Coforge cultivates a culture of digital responsibility by equipping its workforce with continuous awareness, training, and guidance to use technology safely, ethically, and securely. Every employee is empowered to protect information, respect privacy, and practice responsible digital behaviour as a core part of day-to-day work. As people form a critical line of defence, Coforge strengthens a sustainable security and privacy culture through:

• Delivering pre-onboarding training and assessments that embed security and privacy expectations from the first day of employment.
• Delivering information security and privacy compliance programs using interactive, scenario-based learning modules that build practical understanding and reinforce consistent, responsible behaviour.
• Training employees to identify and report phishing attempts through realistic, controlled simulations that develop recognition skills and reduce human factor risk.
• Advancing digital responsibility through leadership-driven security campaigns supported by targeted communication, including concise advisories, awareness newsletters, and visually impactful workspace reminders that encourage secure behaviour.
• Promoting an environment of accountability by maintaining clear reporting mechanisms and proportionate, fair responses that reinforce security as a shared organisational responsibility.

Across all initiatives, Coforge integrates principles of sustainability and environmental responsibility by prioritizing digital first learning methods, reducing physical material use, and fostering ethical, responsible use of technology throughout the workforce.

Digital Ethics - Responsible Handling of Customer & Employee Data

Coforge promotes responsible digital practices by ensuring that customer and employee data is handled securely, ethically, and with accountability. Our approach reinforces trust by protecting information throughout its lifecycle and aligning security operations with our broader sustainability commitments.

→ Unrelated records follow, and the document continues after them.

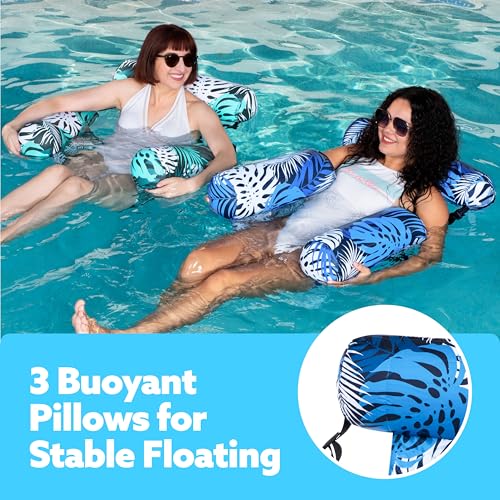 sloosh inflatable pool floats adult2 packs floating lounge chairsblow up pool noodles for adult heavy dutyfloating chair for party summer water beach lake fun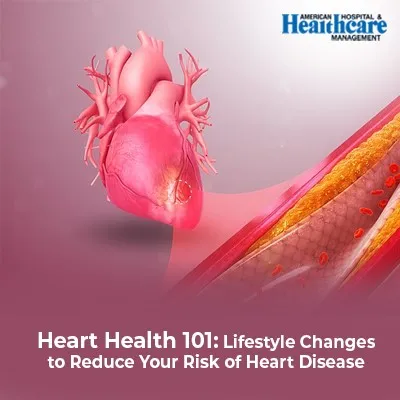 3D illustration of a heart with blood vessels, promoting heart health education.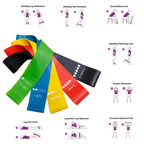 Resistance Bands, [Set of 5] Skin-Friendly Resistance Fitness Exercise Loop Bands with 5 Different Resistance Levels - Carrying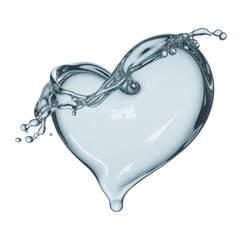 3 D rendered glossy liquid heart shape with flowing water droplets on black transparent background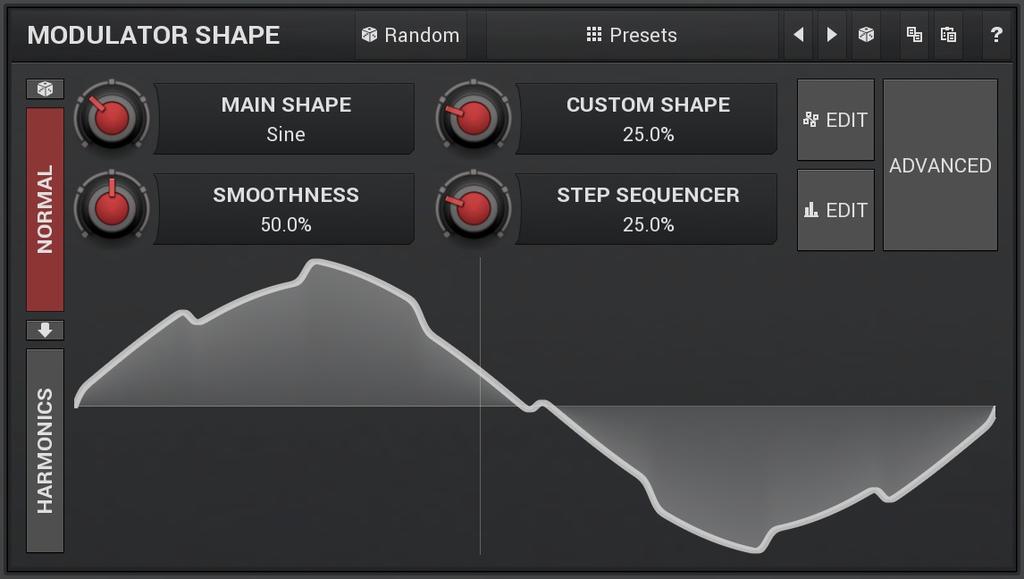 Signal generator defines the modulation LFO shape. It is used by the LFO generator, but also for the Project feature.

• Responsible data handling practices govern the collection, use, storage, and security of information, ensuring fairness and transparency
• Information security controls emphasise accountability, data minimisation, purpose clarity, and disciplined retention to reduce risk and support responsible, sustainable operations.
• Security measures align with globally accepted frameworks and regulatory expectations, strengthening the protection of individual rights through secure processing, controlled access, and clear mechanisms for managing data subject requests.